What you need to do –
Transcribe the records below word for word, leaving every picture out.

Dataset records –
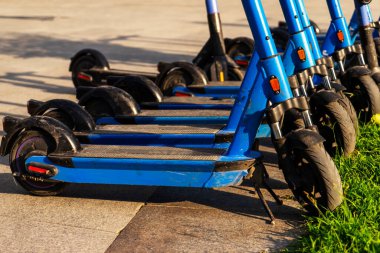 Otoparka park edilmiş kiralık mavi elektrikli scooterlar kullanıma hazır. Çevreyi kirletmeden etrafta dolaşmanızı sağlayan çok tanıdık bir araç. Çevre dostu ulaşım.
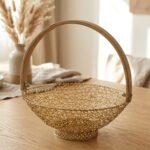 Gold decorative metal mesh basket with a curved wooden handle placed on a wooden table in a bright modern dining room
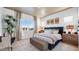 Comfortable bedroom featuring carpet, decorative curtains, plants and an abundance of natural light at 15044 W Gray Fox Trl, Surprise, AZ 85387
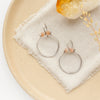 The sunstone halo hoops styled on a tan plate with linen and a crystal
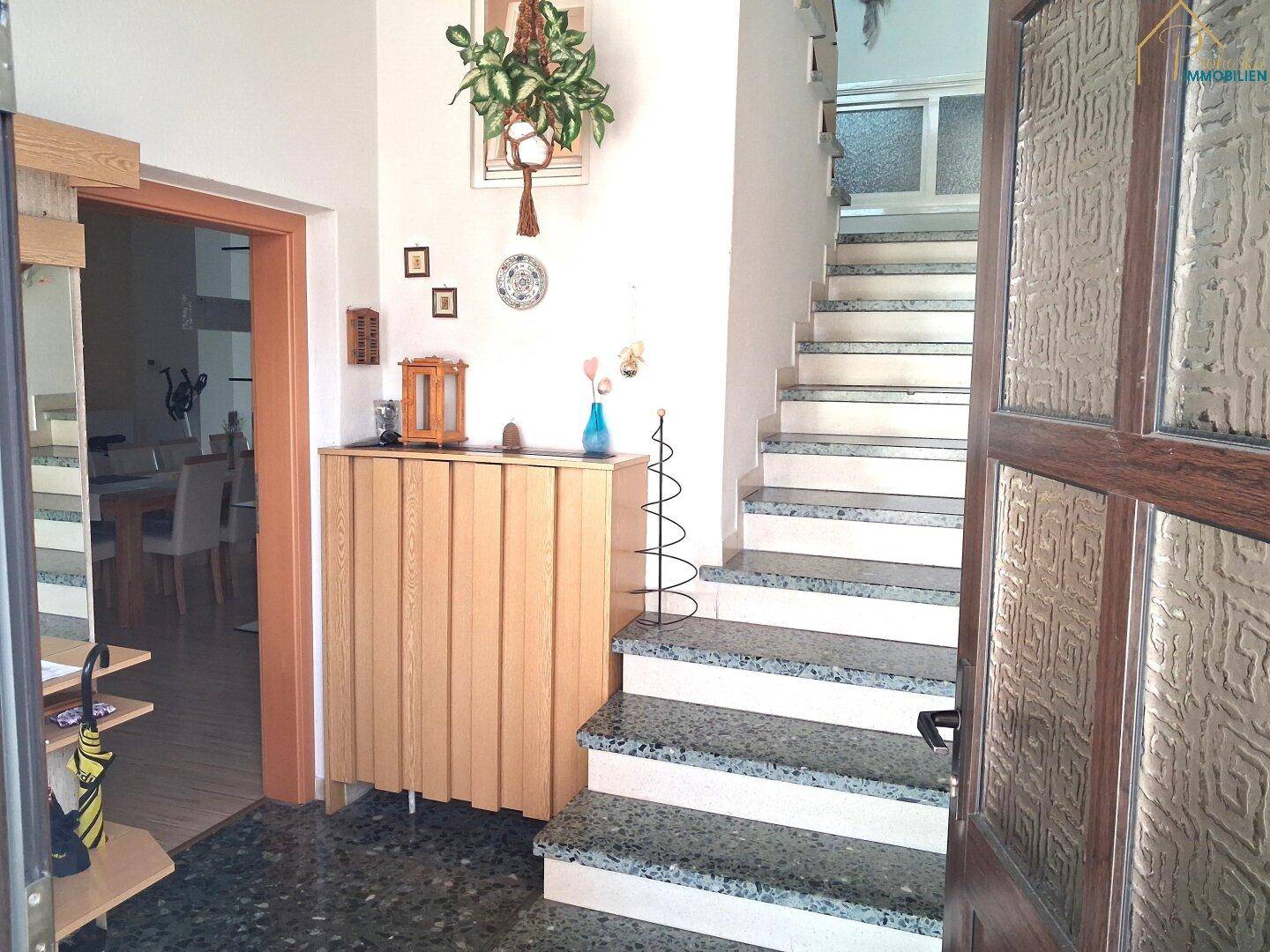 Eingangsbereich mit Treppe zum Obergeschoss und gefliestem Boden.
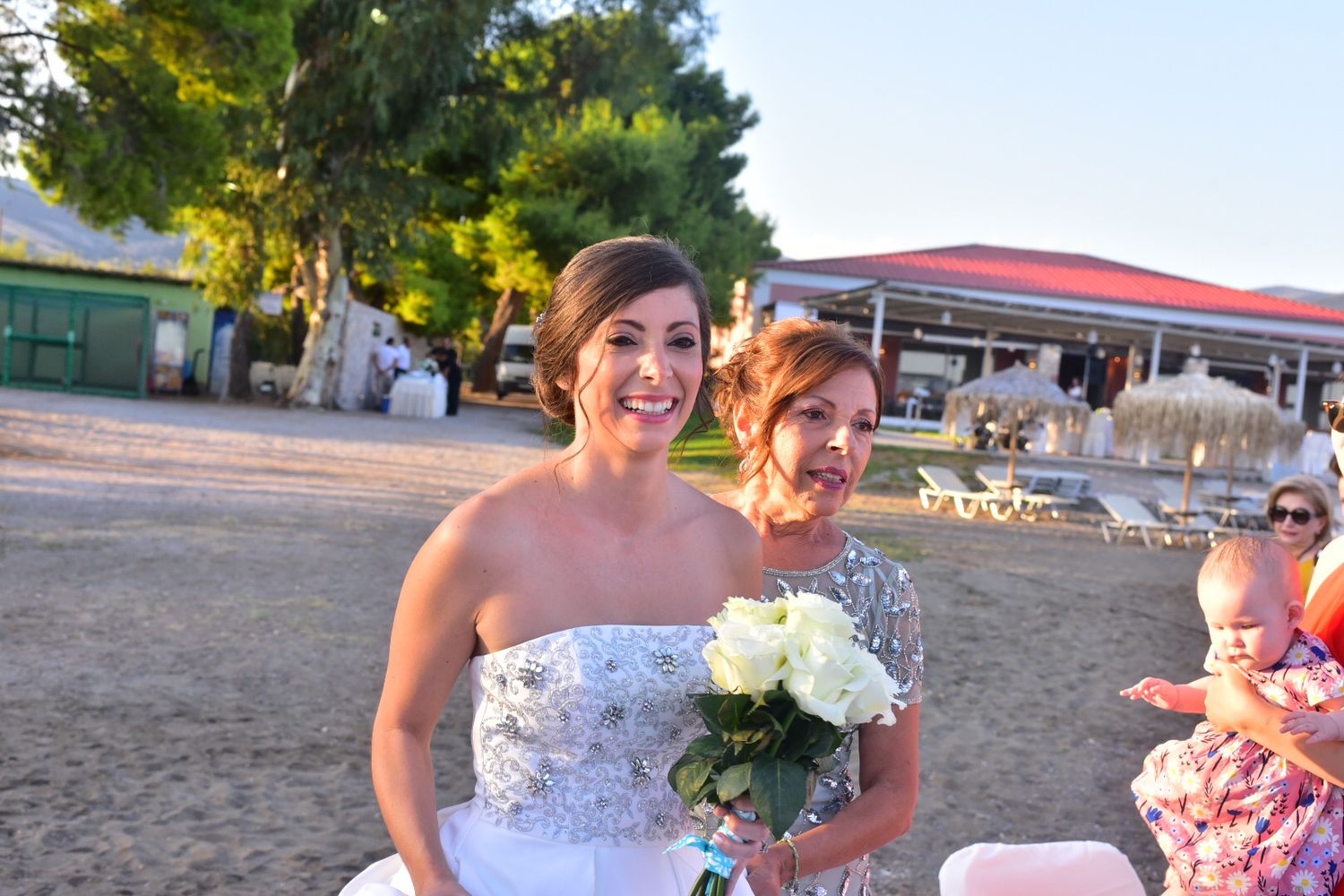Wedding celebration scene at sunset with white floral bouquets.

Output –
 Otoparka park edilmiş kiralık mavi elektrikli scooterlar kullanıma hazır. Çevreyi kirletmeden etrafta dolaşmanızı sağlayan çok tanıdık bir araç. Çevre dostu ulaşım.
 Gold decorative metal mesh basket with a curved wooden handle placed on a wooden table in a bright modern dining room
 Comfortable bedroom featuring carpet, decorative curtains, plants and an abundance of natural light at 15044 W Gray Fox Trl, Surprise, AZ 85387
 The sunstone halo hoops styled on a tan plate with linen and a crystal
 Eingangsbereich mit Treppe zum Obergeschoss und gefliestem Boden.
Wedding celebration scene at sunset with white floral bouquets.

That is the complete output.